RAW DATA -
Segment Open

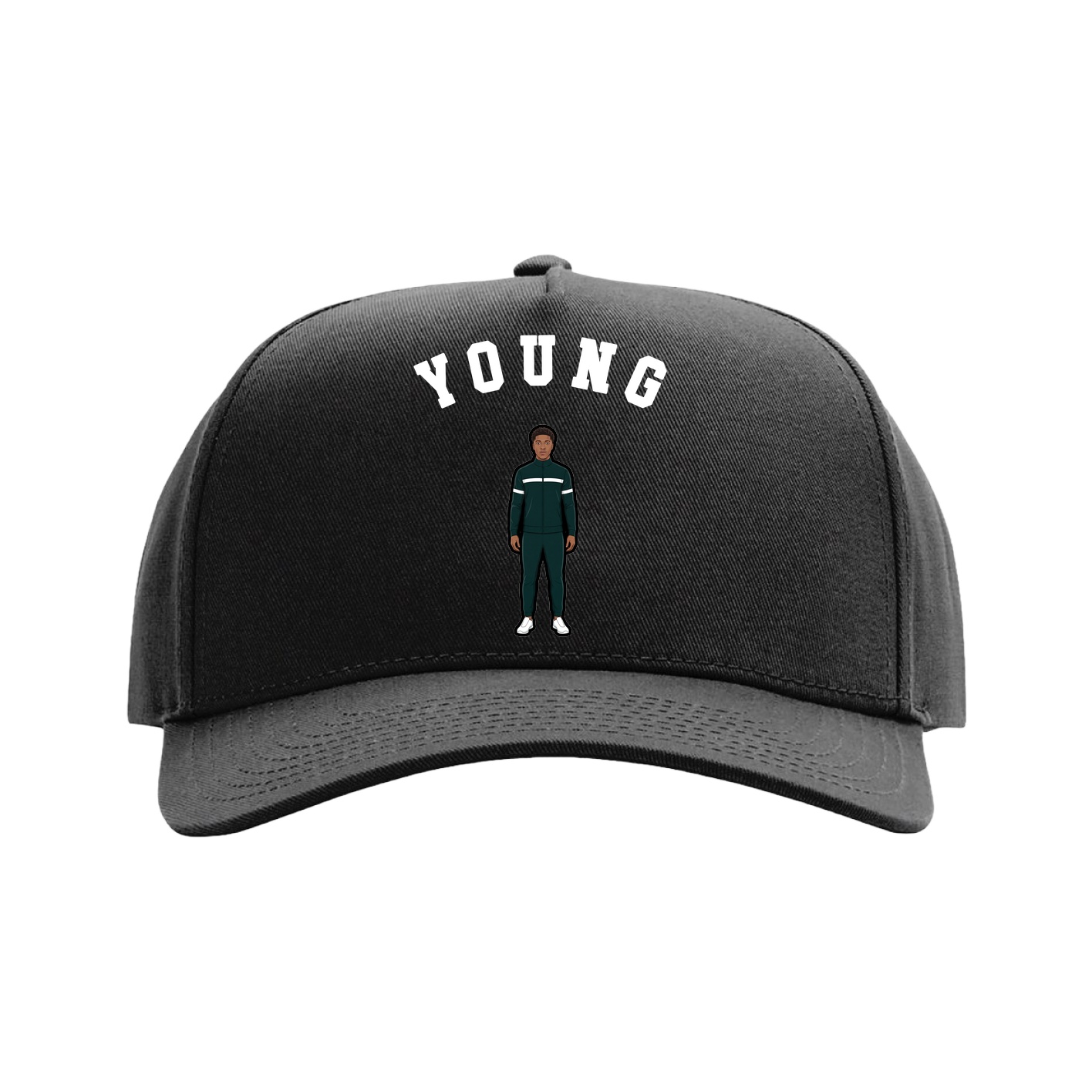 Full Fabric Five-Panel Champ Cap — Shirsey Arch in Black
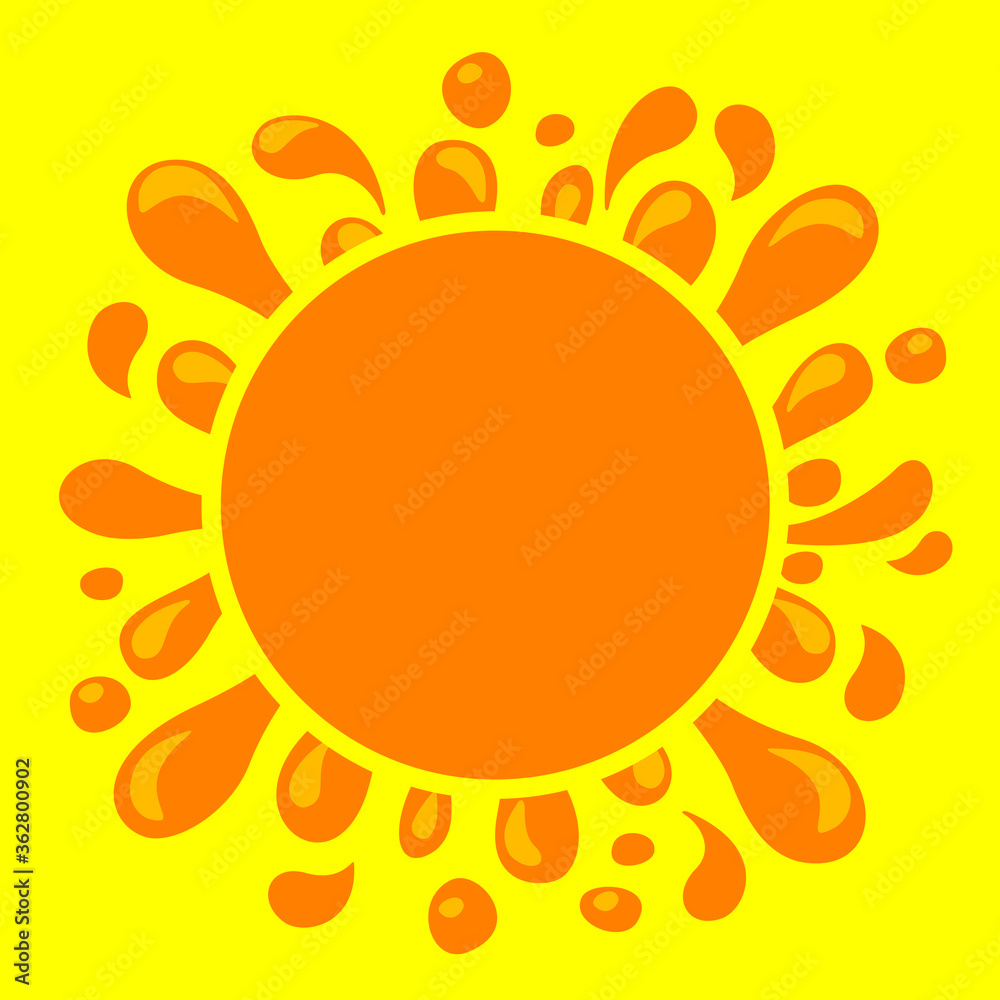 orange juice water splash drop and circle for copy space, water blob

Segment Closed
Segment Open

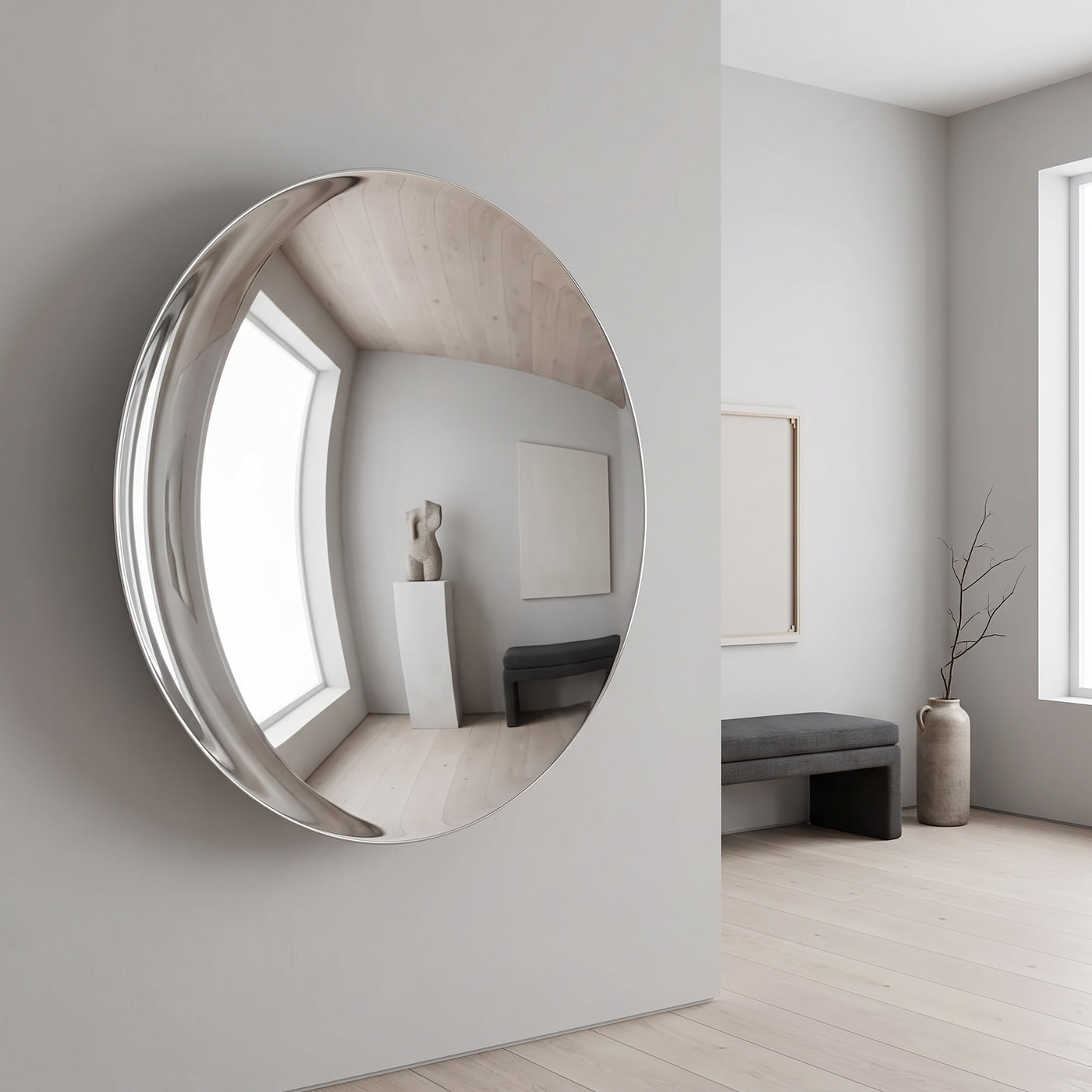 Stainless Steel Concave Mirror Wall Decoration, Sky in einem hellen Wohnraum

Segment Closed
Segment Open

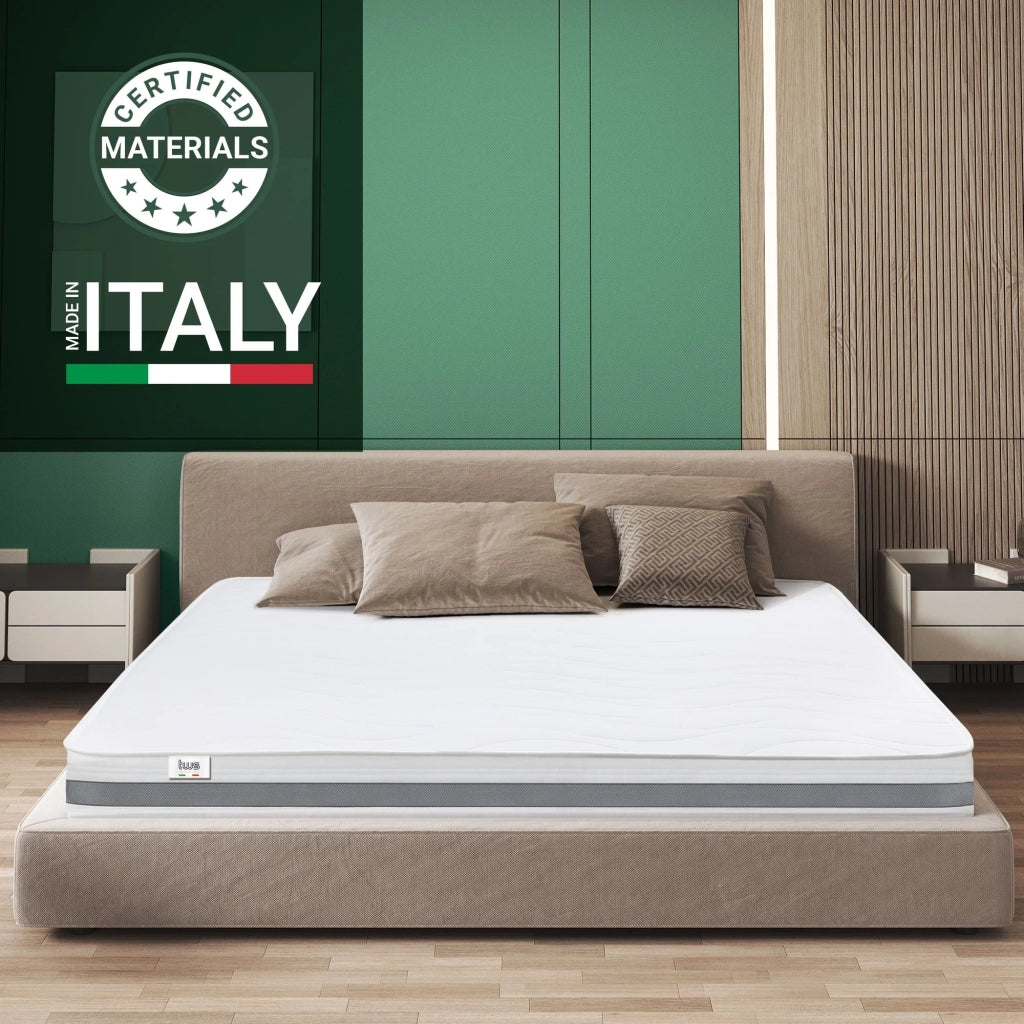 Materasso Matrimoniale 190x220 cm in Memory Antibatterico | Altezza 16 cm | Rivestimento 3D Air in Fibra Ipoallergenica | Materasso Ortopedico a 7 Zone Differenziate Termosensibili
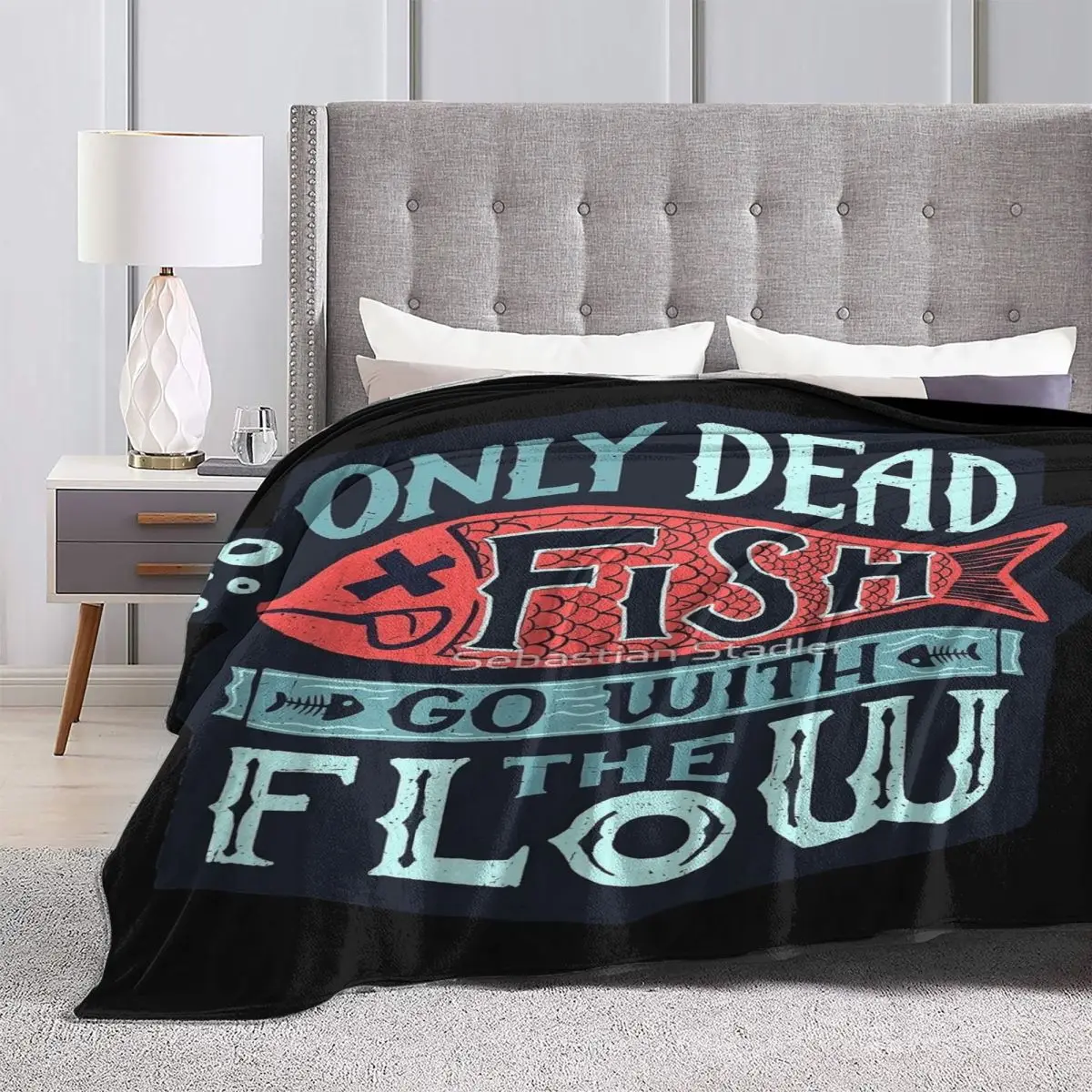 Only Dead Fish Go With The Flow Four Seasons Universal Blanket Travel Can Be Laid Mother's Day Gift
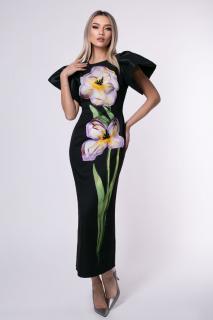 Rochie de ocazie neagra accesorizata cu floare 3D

Segment Closed

TASK BRIEF -
The lines above starting at the one that holds "Full Fabric Five-Panel" and ending at the one that holds "orange juice water" are to be written out exactly, ends included, and no pictures are to be copied.

ANSWER SPACE -
 Full Fabric Five-Panel Champ Cap — Shirsey Arch in Black
 orange juice water splash drop and circle for copy space, water blob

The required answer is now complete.